I never want to push too hard with folks. I don’t want to cause panic, and I don’t like people feeling fear. But, but that was this concerning to me. And the reason is a will as a court document. You don’t want to submit a 20-year-old court document for anything.
Think of all the things that changed in the past 20 years. Think about the things in your life, your relationships, the ages of your kids, or your other family members. Do the people who manage your estate change over 20 years? Probably, but let’s just assume that it did not for a second. The best practices in the court system have changed, and the order in which we file things electronically. Wills control probate; it’s a court document. We used to send everything by mail with stamps. All these things have changed.
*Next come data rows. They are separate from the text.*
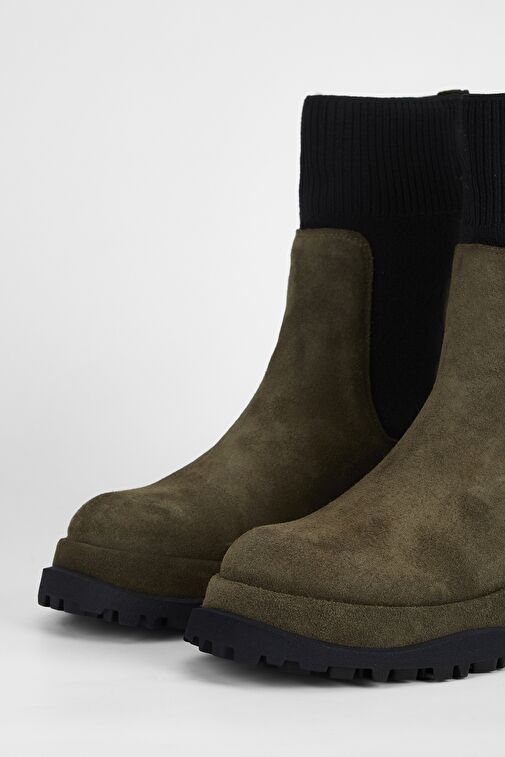 Valmenti Kadın Haki Süet Hakiki Deri Casual Bot - Görsel 4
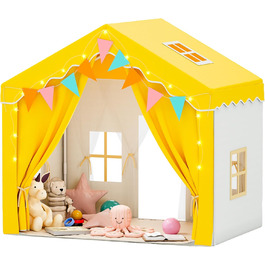 Дитяче намет-будиночок EROMMY 2-в-1 з килимком, прапорцями та світлодіодними смугами, з двома дверцятами, з даховим віконцем, для дому, від 3 років (Жовтий)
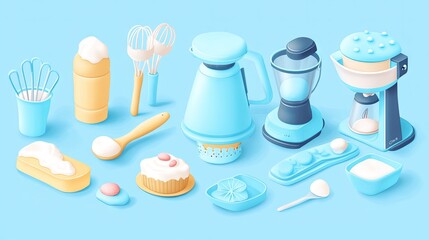 Baking tools and machines arranged on opposite sides to ease workflow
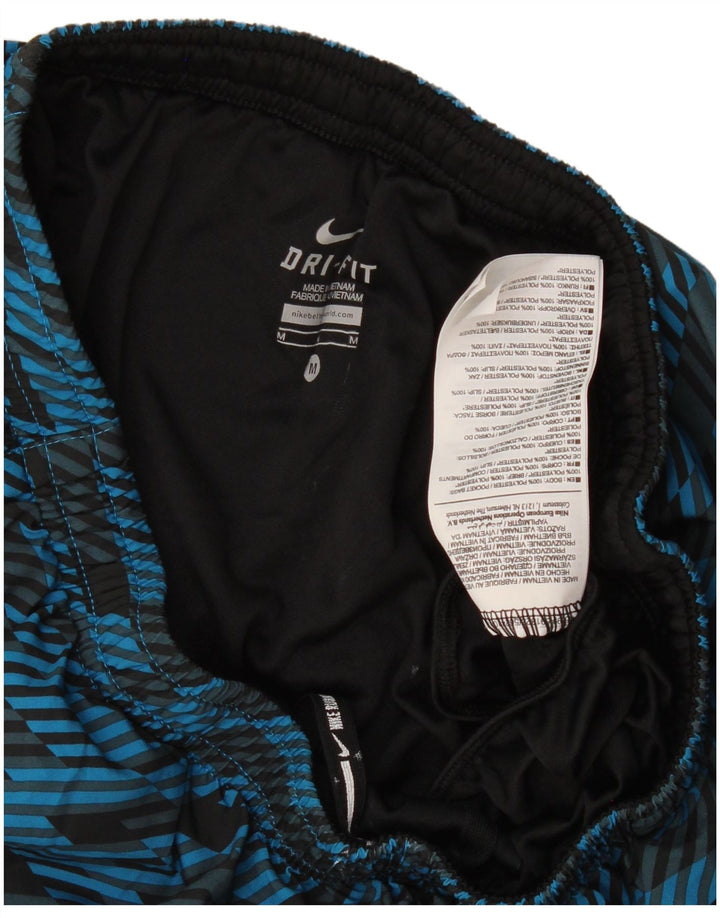 Pantaloncini sportivi Nike Dri Fit da uomo in poliestere geometrico blu medio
People have email addresses now and passwords. There’s all this other stuff.
What To Do Now
We do not want to submit a 20-year-old court document, and that’s what a will is, so my advice to you. Go back to the attorney who drafted your will or if you have another attorney you trust and would like with whom you’d like to work. Get it redone about every ten years. That’s really a good rule of thumb. They’re just stale; they’re old, do your family a favor and rewrite the will every ten years or so. Here’s one thing you might want to consider this other tool called a revocable trust or a living trust.
I’ve talked about this in other videos. This is the family thing that we create, where if we get your stuff into this thing, we can control it with a private family agreement called a trust agreement; private agreements don’t need a judge’s help. So we can just administer these administer the estate court free. And because of this thing, by default, it doesn’t really go to court unless something goes really wrong. Generally speaking, they don’t need a judge; they don’t need the court system; they don’t need probate. We can let these go a little bit longer. I usually tell folks to rewrite your revocable trust plan about every 20 years or so. That doesn’t mean you shouldn’t check in on it. You know your life changes and your people change, and your priorities change, and your values change. So you got to keep up on that but by virtue of it just getting stale. It’s a good 20-year plan.